William Thomas Martin was the second son of Josiah Martin (1699-1778), appointed a member of Antigua’s royal council in 1735. After the elder Josiah Martin served as president of this council from 1748 to 1750, he moved his family to Rock Hall on Long Island, where he served on New York’s royal council and as a member of the first board of trustees of King’s College (now Columbia University) in 1754.
In Long Island, William Thomas Martin and other children in the family were educated by William Smith who had come to New York with the Martin family in 1751. William Thomas and his brother Josiah Martin were enrolled as students in the Academy of Philadelphia in 1753, shortly before Smith became a professor and then provost of the new College of Philadelphia (now the University of Pennsylvania).
William Thomas Martin was an anatomy scholar at the Academy in 1753, and entered the College on May 25, 1754, as a member of its first class, the Class of 1757. Provost Smith described him as a “truly promising youth.”
While a sixteen-year old student in the College, William Thomas Martin died on August 28, 1754, from a sudden severe illness. To commemorate his death, fellow students and friends — Hopkinson, Magaw, Duché, Barton, and Jackson — wrote emotional verses in his memory.

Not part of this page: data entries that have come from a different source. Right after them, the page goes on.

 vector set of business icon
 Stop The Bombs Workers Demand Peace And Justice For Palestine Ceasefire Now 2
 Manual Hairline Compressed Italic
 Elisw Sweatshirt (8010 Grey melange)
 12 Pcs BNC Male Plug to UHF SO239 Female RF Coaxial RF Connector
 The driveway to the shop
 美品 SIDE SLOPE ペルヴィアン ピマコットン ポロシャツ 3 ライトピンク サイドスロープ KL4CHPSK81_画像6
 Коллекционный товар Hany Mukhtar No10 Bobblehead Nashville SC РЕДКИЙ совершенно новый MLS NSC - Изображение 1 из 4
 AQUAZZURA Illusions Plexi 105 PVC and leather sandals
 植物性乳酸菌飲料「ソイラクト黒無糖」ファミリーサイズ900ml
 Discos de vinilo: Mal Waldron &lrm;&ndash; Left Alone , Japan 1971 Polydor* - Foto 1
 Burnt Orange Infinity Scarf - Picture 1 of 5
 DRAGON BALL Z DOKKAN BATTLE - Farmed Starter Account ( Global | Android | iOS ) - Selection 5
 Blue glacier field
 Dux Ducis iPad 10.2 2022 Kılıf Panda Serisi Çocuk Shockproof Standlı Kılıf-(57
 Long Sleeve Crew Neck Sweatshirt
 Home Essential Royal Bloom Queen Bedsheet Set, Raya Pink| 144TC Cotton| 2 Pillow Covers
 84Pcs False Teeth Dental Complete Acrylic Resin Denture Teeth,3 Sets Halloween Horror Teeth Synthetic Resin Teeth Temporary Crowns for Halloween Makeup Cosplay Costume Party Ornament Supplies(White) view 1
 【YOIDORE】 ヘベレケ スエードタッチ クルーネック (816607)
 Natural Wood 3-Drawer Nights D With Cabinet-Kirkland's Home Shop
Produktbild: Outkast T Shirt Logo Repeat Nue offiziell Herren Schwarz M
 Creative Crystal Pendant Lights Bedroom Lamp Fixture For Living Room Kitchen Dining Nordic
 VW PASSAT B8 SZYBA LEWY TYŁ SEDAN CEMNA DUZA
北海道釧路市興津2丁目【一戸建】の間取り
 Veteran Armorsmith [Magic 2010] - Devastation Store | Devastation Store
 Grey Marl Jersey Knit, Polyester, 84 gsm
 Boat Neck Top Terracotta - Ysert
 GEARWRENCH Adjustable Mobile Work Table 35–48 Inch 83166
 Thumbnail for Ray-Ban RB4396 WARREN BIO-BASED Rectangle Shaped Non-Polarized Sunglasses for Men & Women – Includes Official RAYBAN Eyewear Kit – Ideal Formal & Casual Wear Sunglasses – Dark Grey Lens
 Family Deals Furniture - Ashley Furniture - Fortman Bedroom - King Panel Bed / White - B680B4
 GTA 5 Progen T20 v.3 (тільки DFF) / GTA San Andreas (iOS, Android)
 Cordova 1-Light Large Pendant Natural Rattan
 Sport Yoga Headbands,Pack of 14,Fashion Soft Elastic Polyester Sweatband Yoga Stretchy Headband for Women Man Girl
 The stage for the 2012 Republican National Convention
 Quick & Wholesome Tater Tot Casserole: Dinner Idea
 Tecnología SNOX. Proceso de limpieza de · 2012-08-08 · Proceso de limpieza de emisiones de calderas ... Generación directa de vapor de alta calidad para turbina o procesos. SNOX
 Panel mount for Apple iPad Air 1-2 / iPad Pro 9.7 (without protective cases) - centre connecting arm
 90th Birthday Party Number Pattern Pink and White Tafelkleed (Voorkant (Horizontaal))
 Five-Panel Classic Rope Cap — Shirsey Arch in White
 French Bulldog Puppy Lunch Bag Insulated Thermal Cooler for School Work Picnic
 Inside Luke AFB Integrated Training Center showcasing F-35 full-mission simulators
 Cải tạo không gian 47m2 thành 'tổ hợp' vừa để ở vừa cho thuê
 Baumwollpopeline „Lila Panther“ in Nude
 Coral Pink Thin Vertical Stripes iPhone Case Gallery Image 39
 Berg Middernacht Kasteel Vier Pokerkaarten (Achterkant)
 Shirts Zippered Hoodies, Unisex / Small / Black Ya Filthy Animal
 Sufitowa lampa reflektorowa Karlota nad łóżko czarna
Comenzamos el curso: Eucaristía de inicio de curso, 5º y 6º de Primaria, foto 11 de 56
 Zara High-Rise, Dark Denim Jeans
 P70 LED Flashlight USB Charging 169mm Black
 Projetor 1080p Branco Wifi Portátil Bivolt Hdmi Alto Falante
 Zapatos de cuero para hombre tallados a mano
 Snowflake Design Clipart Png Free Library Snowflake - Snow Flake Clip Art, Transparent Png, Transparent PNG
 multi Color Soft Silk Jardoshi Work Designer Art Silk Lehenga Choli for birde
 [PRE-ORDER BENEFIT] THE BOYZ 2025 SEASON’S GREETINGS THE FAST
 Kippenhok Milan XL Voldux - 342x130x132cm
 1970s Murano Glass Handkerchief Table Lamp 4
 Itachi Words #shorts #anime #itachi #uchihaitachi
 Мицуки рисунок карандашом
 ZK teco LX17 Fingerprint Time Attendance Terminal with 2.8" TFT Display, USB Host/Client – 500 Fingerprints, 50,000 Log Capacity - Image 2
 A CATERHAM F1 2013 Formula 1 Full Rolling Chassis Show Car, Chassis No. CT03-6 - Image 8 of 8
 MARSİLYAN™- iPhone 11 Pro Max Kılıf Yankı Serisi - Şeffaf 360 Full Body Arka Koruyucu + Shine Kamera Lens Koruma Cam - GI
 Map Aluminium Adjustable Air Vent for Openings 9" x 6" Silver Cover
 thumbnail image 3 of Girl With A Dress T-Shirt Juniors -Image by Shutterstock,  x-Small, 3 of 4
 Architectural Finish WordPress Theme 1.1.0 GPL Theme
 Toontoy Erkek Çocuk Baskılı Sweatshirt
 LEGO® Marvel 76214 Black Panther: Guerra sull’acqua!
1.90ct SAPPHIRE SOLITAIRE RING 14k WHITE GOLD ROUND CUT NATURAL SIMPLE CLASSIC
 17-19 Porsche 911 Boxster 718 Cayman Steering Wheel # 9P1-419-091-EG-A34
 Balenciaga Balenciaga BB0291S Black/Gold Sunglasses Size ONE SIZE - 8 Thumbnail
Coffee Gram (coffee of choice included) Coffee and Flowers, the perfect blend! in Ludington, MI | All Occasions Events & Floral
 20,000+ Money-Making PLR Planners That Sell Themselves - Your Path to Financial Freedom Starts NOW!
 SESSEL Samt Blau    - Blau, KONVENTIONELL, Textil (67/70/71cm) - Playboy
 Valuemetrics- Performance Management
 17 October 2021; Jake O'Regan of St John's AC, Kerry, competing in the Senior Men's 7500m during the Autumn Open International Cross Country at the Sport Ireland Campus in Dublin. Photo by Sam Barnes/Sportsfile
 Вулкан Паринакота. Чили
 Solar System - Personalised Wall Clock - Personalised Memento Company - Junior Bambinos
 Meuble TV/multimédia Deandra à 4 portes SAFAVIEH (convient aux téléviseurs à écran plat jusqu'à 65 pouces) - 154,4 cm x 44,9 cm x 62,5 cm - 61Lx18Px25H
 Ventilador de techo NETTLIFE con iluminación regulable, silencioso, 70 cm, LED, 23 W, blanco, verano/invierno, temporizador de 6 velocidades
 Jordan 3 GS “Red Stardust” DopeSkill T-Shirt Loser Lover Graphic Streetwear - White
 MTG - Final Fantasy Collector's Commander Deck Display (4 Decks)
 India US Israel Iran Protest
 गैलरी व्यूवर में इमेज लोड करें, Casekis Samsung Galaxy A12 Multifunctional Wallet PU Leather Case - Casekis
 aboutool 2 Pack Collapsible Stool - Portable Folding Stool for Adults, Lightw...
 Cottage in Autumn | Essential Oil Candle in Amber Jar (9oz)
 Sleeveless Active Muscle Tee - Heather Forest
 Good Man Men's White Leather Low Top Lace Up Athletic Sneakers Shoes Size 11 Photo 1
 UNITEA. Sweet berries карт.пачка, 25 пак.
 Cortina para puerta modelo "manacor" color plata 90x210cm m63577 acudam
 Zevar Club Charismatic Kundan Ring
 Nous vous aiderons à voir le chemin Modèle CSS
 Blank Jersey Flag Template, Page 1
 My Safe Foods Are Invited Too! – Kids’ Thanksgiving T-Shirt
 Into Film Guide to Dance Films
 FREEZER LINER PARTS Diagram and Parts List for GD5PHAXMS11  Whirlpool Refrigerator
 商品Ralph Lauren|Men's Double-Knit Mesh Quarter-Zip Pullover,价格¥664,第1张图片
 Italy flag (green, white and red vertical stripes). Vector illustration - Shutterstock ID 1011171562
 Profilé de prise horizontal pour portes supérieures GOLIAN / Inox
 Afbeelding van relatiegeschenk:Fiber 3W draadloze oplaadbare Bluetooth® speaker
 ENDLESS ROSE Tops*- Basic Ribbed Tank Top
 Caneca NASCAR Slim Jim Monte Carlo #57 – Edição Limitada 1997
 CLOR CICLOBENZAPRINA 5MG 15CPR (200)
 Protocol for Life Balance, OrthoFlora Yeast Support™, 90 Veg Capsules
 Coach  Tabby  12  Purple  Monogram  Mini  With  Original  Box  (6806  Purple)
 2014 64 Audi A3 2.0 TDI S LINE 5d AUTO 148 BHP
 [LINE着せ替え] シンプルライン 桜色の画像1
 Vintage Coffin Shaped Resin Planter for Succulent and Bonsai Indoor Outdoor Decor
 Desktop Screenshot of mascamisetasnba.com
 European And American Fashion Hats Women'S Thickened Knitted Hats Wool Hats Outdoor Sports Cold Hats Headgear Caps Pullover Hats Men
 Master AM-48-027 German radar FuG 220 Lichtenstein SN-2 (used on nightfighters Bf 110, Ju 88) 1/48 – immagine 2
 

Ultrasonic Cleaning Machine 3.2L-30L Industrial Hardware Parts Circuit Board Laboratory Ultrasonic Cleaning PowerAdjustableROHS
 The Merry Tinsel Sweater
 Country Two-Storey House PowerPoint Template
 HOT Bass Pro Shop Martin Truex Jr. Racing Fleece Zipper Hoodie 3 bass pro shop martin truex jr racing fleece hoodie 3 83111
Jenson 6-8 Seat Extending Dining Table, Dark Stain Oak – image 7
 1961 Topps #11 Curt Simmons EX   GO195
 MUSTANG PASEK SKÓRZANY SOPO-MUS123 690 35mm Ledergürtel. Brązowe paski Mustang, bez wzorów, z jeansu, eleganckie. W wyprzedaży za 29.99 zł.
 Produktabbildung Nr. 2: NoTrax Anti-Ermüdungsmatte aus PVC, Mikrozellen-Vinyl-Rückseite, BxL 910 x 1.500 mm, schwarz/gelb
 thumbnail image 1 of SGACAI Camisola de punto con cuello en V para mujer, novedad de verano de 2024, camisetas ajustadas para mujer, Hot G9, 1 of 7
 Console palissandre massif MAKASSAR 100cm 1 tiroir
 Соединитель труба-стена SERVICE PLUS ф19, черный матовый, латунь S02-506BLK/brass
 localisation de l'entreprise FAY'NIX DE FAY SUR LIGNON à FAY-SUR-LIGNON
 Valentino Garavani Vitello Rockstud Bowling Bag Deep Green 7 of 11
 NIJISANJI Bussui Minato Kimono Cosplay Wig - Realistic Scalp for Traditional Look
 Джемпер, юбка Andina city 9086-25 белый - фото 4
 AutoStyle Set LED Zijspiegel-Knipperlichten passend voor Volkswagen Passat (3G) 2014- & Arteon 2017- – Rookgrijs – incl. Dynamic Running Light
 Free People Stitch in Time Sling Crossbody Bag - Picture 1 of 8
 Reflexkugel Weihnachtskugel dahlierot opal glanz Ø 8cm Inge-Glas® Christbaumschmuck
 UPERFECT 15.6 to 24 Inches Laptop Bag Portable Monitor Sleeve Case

Provost Smith preached a sermon entitled “On the Death of a Pupil” in Christ Church, Philadelphia. When Smith spoke of the esteem of the young man’s instructors, he referred to himself in particular “in whose Bosom he had long grown up.” The provost described his departed student as a “truly promising youth” characterized by “glowing Health, Strength, Beauty and Gracefulness of Person…a Genius excellent by Nature, and carefully adorn’d by all the Aids of a liberal Education.”